**Records for the task:**
*** Block opens ***
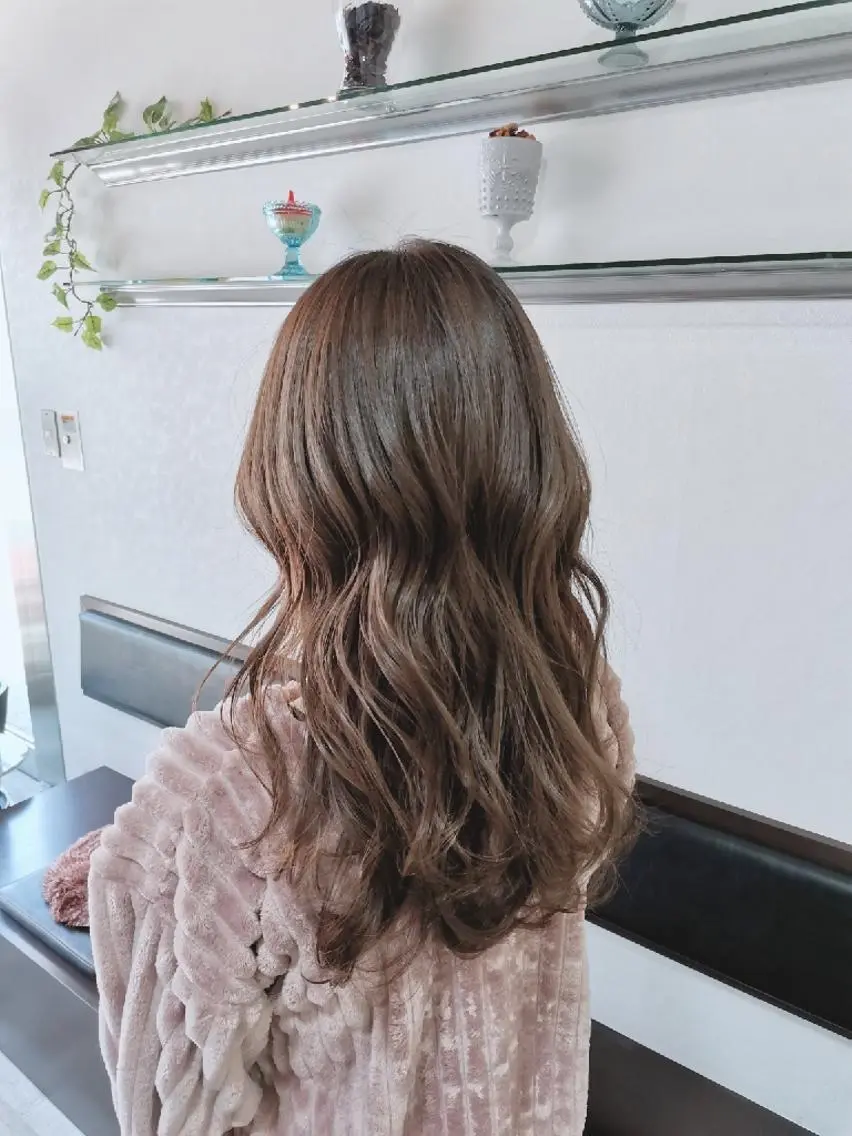 セミロング ツヤ髪ケアカラー✨ 中谷良成のヘアスタイル
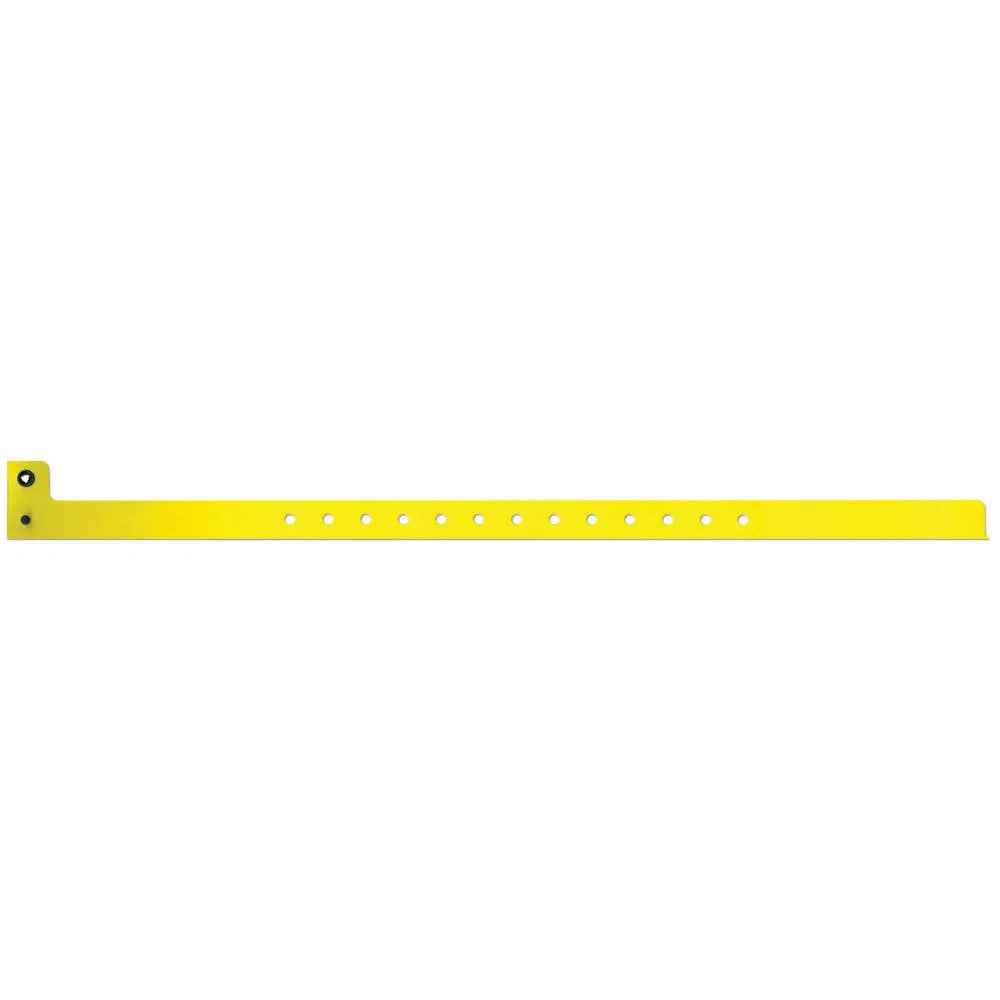 SuperBand® Plastic Wristbands 1/2" 460P Snap Closure (500/Box)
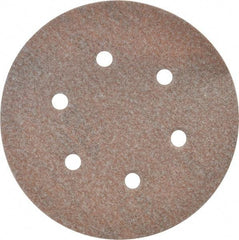 Norton - 6" Diam, 100 Grit, Aluminum Oxide Hook & Loop Disc - Fine Grade, Coated, B Weight Paper Backing, Series A275 - Apex Tool & Supply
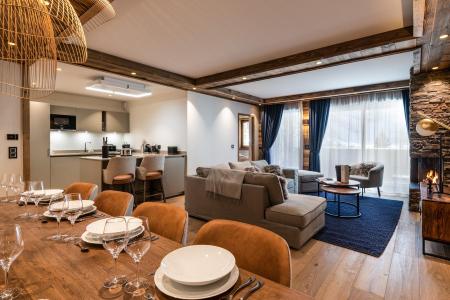 Vakantie in de bergen Appartement 4 kabine kamers 6-8 personen (A01) - Vail Lodge - Val d'Isère - Woonkamer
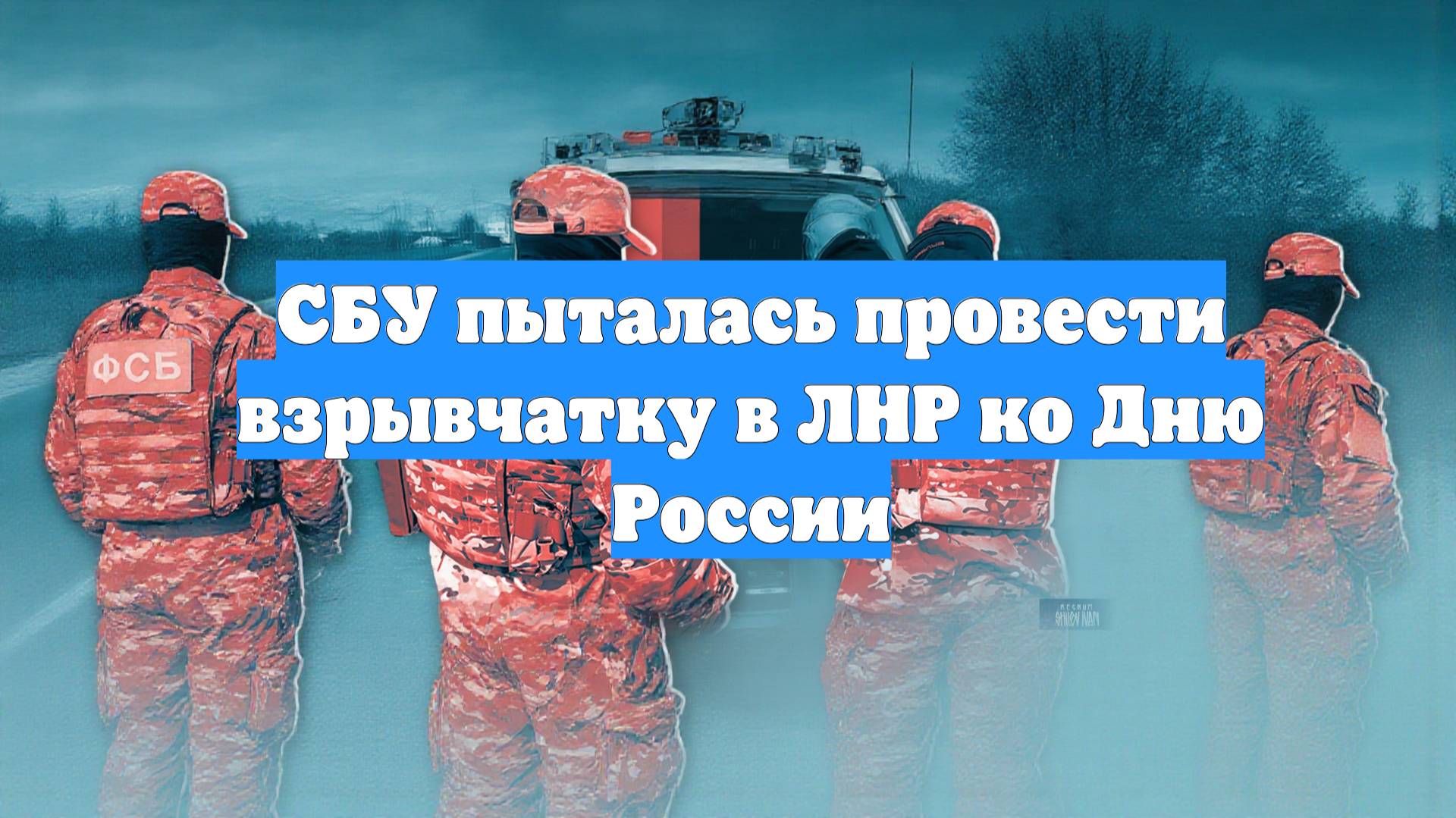СБУ пыталась провести взрывчатку в ЛНР ко Дню России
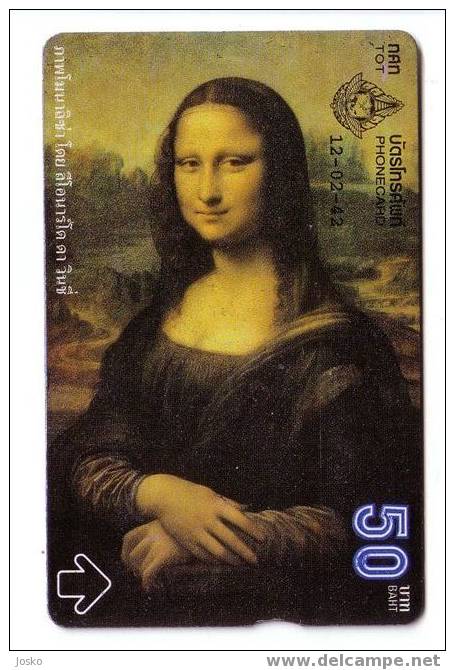 MONA LISA  Louvre A Paris Musee ( Thailand Card ) - La Gioconda - Joconde - LEONARDO DA VINCI - Painting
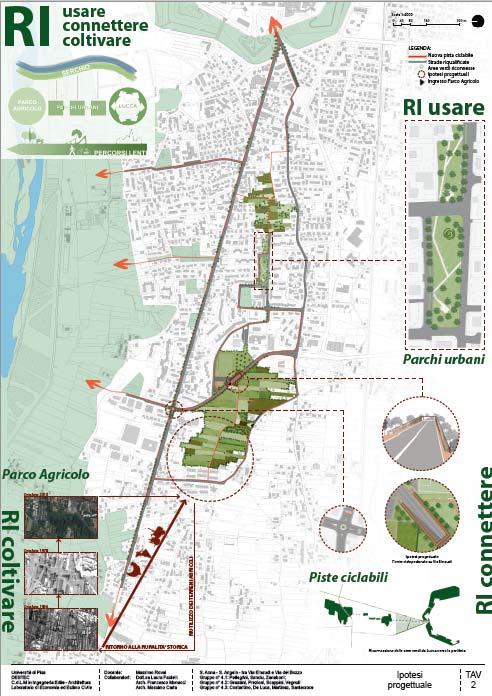 I cittadini appartenenti a questo comitato hanno insistito molto sulla riqualificazione delle aree verdi, con la creazione di un vero e proprio parco di quartiere diffuso e degli spazi urbani, con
*** Block closes ***
**Problem statement:** Leave out all pictures and retype precisely the lines that run from the line containing "VINCI - Painting" to the last line of the records.

**Solution to this problem:**
 MONA LISA  Louvre A Paris Musee ( Thailand Card ) - La Gioconda - Joconde - LEONARDO DA VINCI - Painting
 I cittadini appartenenti a questo comitato hanno insistito molto sulla riqualificazione delle aree verdi, con la creazione di un vero e proprio parco di quartiere diffuso e degli spazi urbani, con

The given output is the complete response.